This topic provides answers to some frequently asked questions about Data Lake Analytics (DLA).

What is DLA?

DLA is a next-generation big data solution that uses a compute-storage separation architecture. DLA can archive messages and database data and create data warehouses in real time. The databases include relational databases, PolarDB, and NoSQL databases. In addition, DLA provides the serverless Spark and Presto engines to meet the requirements of online interactive search, stream processing, batch processing, and machine learning.
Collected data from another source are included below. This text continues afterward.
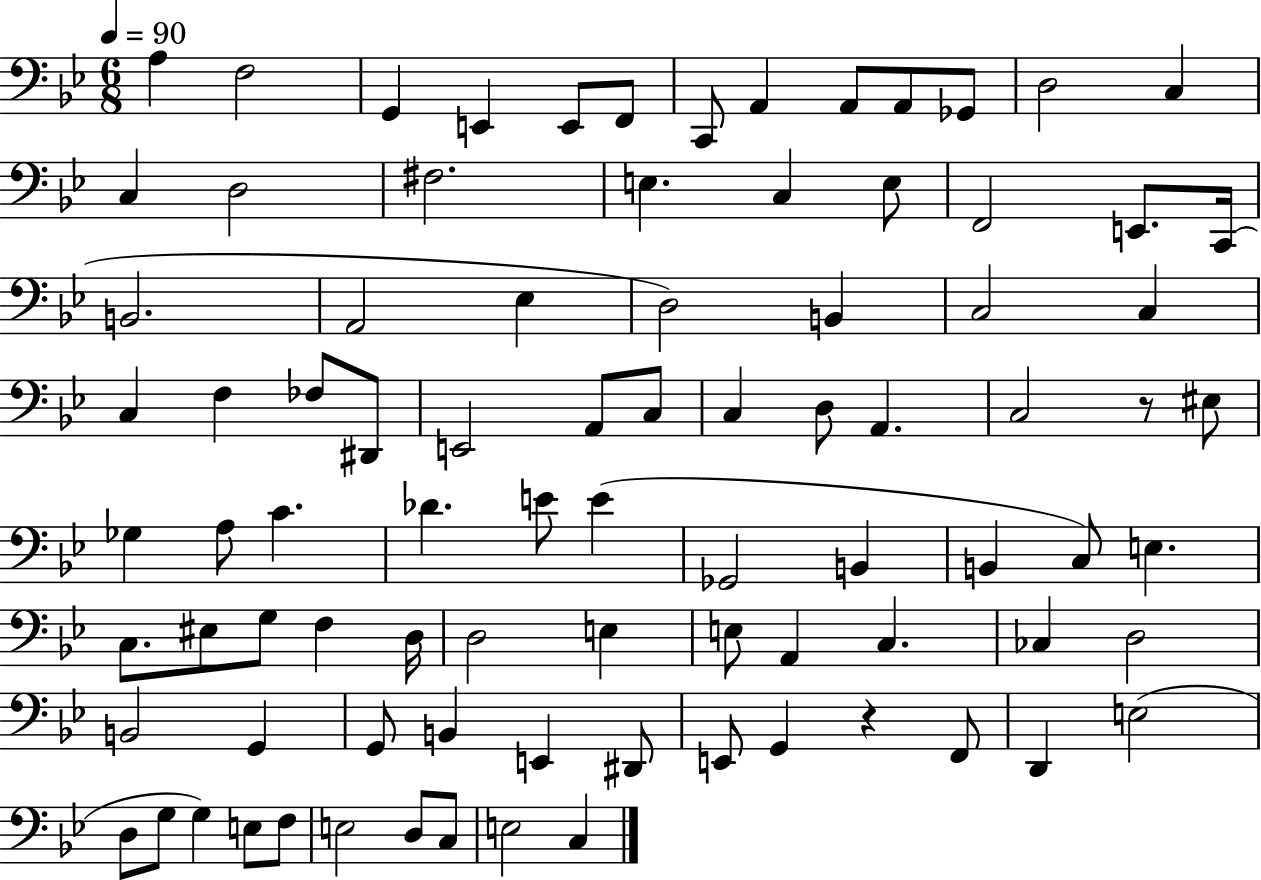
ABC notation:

X:1
T:Untitled
M:6/8
L:1/4
K:Bb
A, F,2 G,, E,, E,,/2 F,,/2 C,,/2 A,, A,,/2 A,,/2 _G,,/2 D,2 C, C, D,2 ^F,2 E, C, E,/2 F,,2 E,,/2 C,,/4 B,,2 A,,2 _E, D,2 B,, C,2 C, C, F, _F,/2 ^D,,/2 E,,2 A,,/2 C,/2 C, D,/2 A,, C,2 z/2 ^E,/2 _G, A,/2 C _D E/2 E _G,,2 B,, B,, C,/2 E, C,/2 ^E,/2 G,/2 F, D,/4 D,2 E, E,/2 A,, C, _C, D,2 B,,2 G,, G,,/2 B,, E,, ^D,,/2 E,,/2 G,, z F,,/2 D,, E,2 D,/2 G,/2 G, E,/2 F,/2 E,2 D,/2 C,/2 E,2 C,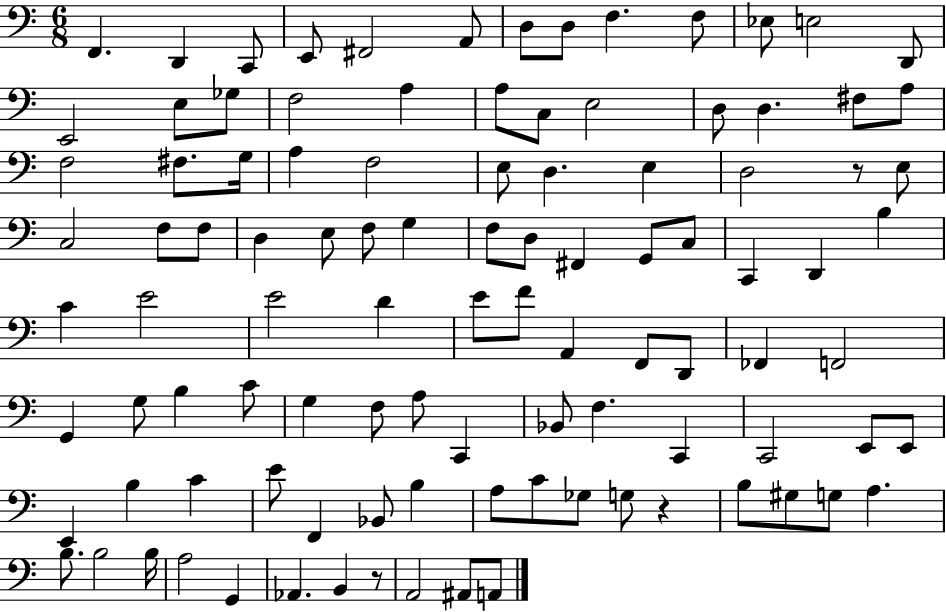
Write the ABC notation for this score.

X:1
T:Untitled
M:6/8
L:1/4
K:C
F,, D,, C,,/2 E,,/2 ^F,,2 A,,/2 D,/2 D,/2 F, F,/2 _E,/2 E,2 D,,/2 E,,2 E,/2 _G,/2 F,2 A, A,/2 C,/2 E,2 D,/2 D, ^F,/2 A,/2 F,2 ^F,/2 G,/4 A, F,2 E,/2 D, E, D,2 z/2 E,/2 C,2 F,/2 F,/2 D, E,/2 F,/2 G, F,/2 D,/2 ^F,, G,,/2 C,/2 C,, D,, B, C E2 E2 D E/2 F/2 A,, F,,/2 D,,/2 _F,, F,,2 G,, G,/2 B, C/2 G, F,/2 A,/2 C,, _B,,/2 F, C,, C,,2 E,,/2 E,,/2 E,, B, C E/2 F,, _B,,/2 B, A,/2 C/2 _G,/2 G,/2 z B,/2 ^G,/2 G,/2 A, B,/2 B,2 B,/4 A,2 G,, _A,, B,, z/2 A,,2 ^A,,/2 A,,/2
DLA is a competitive solution that migrates a traditional Hadoop solution to the cloud.

In traditional data analytics solutions, you must first purchase an analytics instance with both computing and storage resources to analyze data. If the allowed computing or storage resources are exhausted, you must add servers to meet your business requirements. In addition, you must pay for all the computing resources even though you do not use them.
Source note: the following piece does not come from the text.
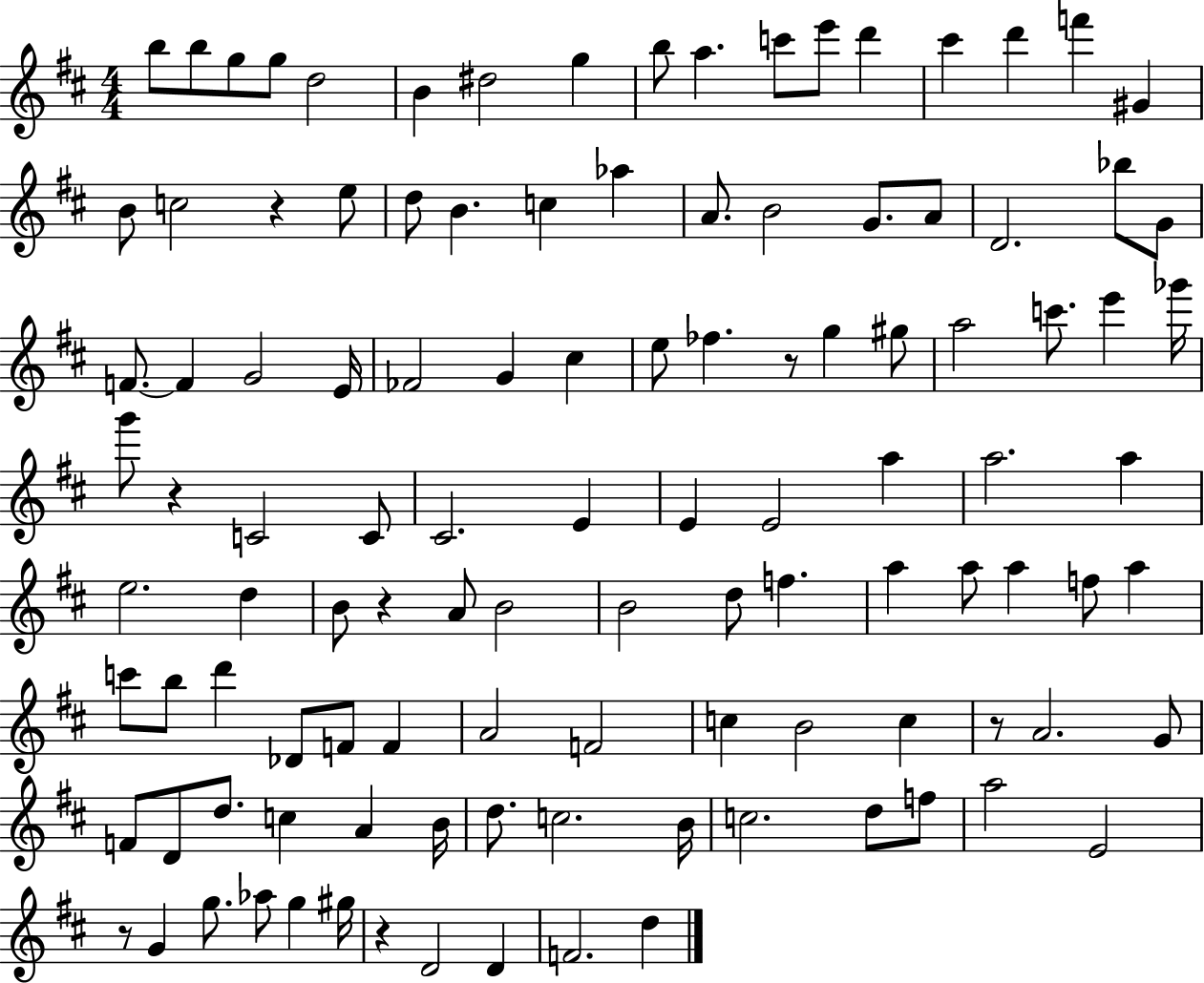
B5/e B5/e G5/e G5/e D5/h B4/q D#5/h G5/q B5/e A5/q. C6/e E6/e D6/q C#6/q D6/q F6/q G#4/q B4/e C5/h R/q E5/e D5/e B4/q. C5/q Ab5/q A4/e. B4/h G4/e. A4/e D4/h. Bb5/e G4/e F4/e. F4/q G4/h E4/s FES4/h G4/q C#5/q E5/e FES5/q. R/e G5/q G#5/e A5/h C6/e. E6/q Gb6/s G6/e R/q C4/h C4/e C#4/h. E4/q E4/q E4/h A5/q A5/h. A5/q E5/h. D5/q B4/e R/q A4/e B4/h B4/h D5/e F5/q. A5/q A5/e A5/q F5/e A5/q C6/e B5/e D6/q Db4/e F4/e F4/q A4/h F4/h C5/q B4/h C5/q R/e A4/h. G4/e F4/e D4/e D5/e. C5/q A4/q B4/s D5/e. C5/h. B4/s C5/h. D5/e F5/e A5/h E4/h R/e G4/q G5/e. Ab5/e G5/q G#5/s R/q D4/h D4/q F4/h. D5/q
DLA is a data analytics engine that utilizes a serverless architecture. You do not need to purchase or manage servers for data analytics, and the upgrade is completely transparent. DLA supports scalability. You can pay for resources based on actual usage and scale out storage resources on demand. If no analytics tasks are running, you need only to pay for the storage resources that are used.

The error message "Application was streaming results when the connection failed. Consider raising value of 'net_write_timeout' on the server." appears. What do I do?

This error message appears when you use DLA to read data from a MySQL database. The default value of the net_write_timeout parameter is small. As a result, DLA may be disconnected from the MySQL database even though the data has not been completely read. To resolve this issue, increase the value of the net_write_timeout parameter.

The error message "You have no right to access this object because of bucket acl" appears. What do I do?

This error message appears when you create a table in DLA and write the table data to Object Storage Service (OSS). By default, DLA is not allowed to write data to an OSS table. You must grant the related permissions to DLA before you write data to OSS. For more information about how to write data to OSS, see Write data to a partitioned table.

An SQL statement is executed to synchronize data from HDFS to OSS. The number of synchronized data records queried by using DLA is 110,000, but that queried by using a self-managed Spark cluster is 190,000. Why?

In most cases, this issue does not lie in the engines of DLA. You can check whether data is normally synchronized from HDFS to OSS.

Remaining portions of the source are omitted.